Problem: Once the line containing "8' x 13' Patio Retractable Awning, Sunshade" is found in the records below, return it and each following line exactly, up to and including the line containing "Vintage Mid-Century Anatolian", and nothing else.

START Provided records

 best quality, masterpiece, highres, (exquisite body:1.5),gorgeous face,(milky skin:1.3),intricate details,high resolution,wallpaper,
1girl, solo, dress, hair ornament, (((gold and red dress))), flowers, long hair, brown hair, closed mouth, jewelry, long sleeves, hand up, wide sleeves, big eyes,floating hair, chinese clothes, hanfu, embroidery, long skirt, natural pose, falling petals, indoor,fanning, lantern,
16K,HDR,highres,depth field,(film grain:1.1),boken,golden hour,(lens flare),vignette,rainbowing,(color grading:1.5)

END Provided records
START Provided records

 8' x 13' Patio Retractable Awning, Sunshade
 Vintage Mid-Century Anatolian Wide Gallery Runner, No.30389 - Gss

END Provided records

Exercise result:
 8' x 13' Patio Retractable Awning, Sunshade
 Vintage Mid-Century Anatolian Wide Gallery Runner, No.30389 - Gss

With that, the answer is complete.